カナダの通貨「カナダドル」の特徴を解説します。
カナダドルの基礎データ
正式名称 | カナダ |
---|---|
首都 | オタワ |
中央銀行 | カナダ中央銀行(BOC) |
通貨単位 | カナダドル($)、セント(c) |
* 主要輸出国 | アメリカ、中国、日本、イギリス、メキシコ |
* 主要輸入国 | アメリカ、中国、メキシコ、ドイツ、日本 |
値動きの大きさ | 情報量の豊富さ | 金利の高さ |
---|---|---|
★★☆☆☆ | ★★★☆☆ | ★★★☆☆ |
* 貿易量の多い国順 2023年のデータ(カナダの貿易と投資 – ジェトロ)
カナダドルの特徴を知ろう!
カナダは、豊富に産出される天然ガスや石油などの天然資源を輸出する資源国です。
また広大な国土により、小麦などの農産物や水産物においても世界有数の輸出国として知られています。
つまり資源国通貨であることから、カナダドルは資源価格や商品価格の影響を受けやすい特徴があります。
資源価格のなかでは、WTI原油と金、とくにWTI原油と相関性が高くなっています。
しかし、資源価格の変動が通貨の値動きに与える影響は、同じ資源国通貨の豪ドルほど大きくない傾向にあります。
経済が安定していて、国債が安全資産として認められていることが、その理由として挙げられます。
他国よりも資源価格の影響は少ないとはいえ、原油価格とは連動して推移しやすく、相関性の高いWTI原油という先物取引の指標は高く注目されています。
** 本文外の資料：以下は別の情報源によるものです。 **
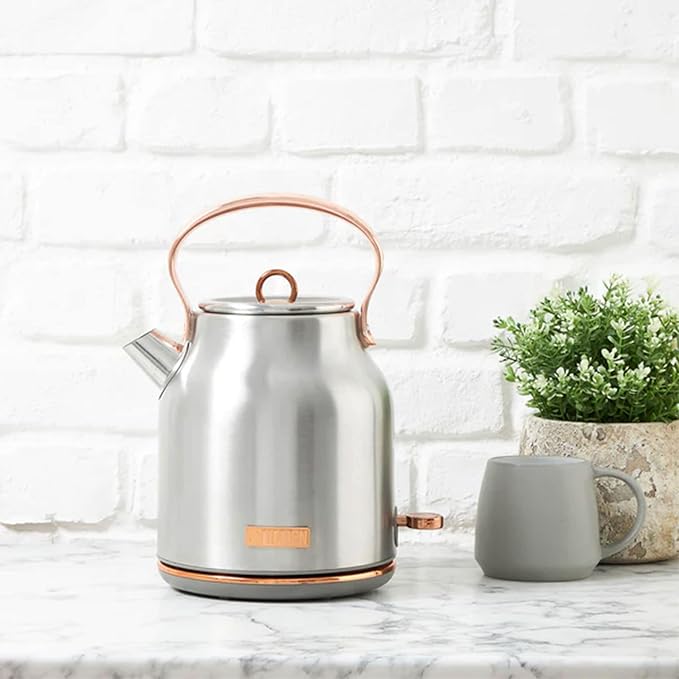 Haden Heritage 1.7 Liter Stainless Steel Electric Kettle, Hot Water Kettle with 360-Degree Base and Auto Shutoff, Steel & Copper - Bloomnest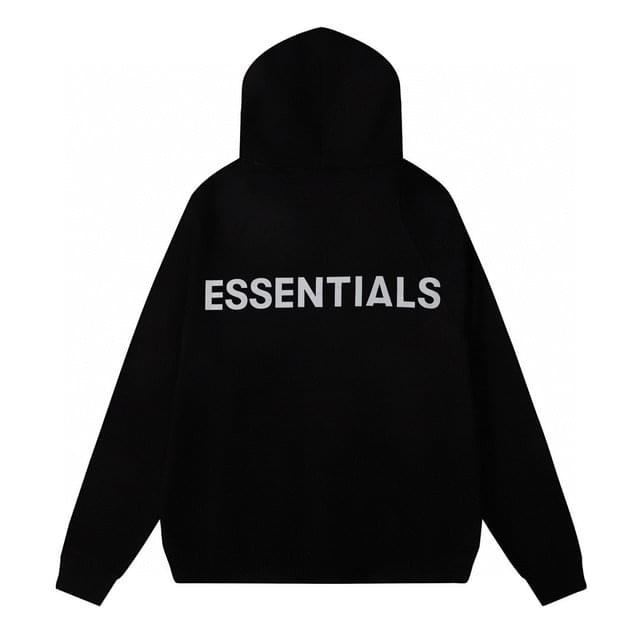 Fear of God Essentials Classic Fleece Reflective Hoodie Black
このWTI原油の価格が上昇すれば、カナダドルは買われやすい傾向にある、ということは覚えておいてください。
値動きにはアメリカ、すなわち米ドルの影響が大きい
なお、値動きに直接的に影響を与えるのは、やはり隣国であるアメリカの経済動向です。
輸出入は同じ北米であるアメリカが多くの割合を占めており、カナダは対米依存度が極めて高いことで、アメリカの経済動向はカナダドルの値動きにダイレクトに影響します。
例えば、アメリカの経済が好調であれば米ドルが買われ、カナダドルも買われるといった流れです。
このように、アメリカとの経済的な結び付きが深いことから、米ドル相場に連動しやすいのがカナダドルの特徴です。
カナダドルの方向性を見極めていく上で、アメリカの経済指標はとても重要なファンダメンタルズ要因となるのです。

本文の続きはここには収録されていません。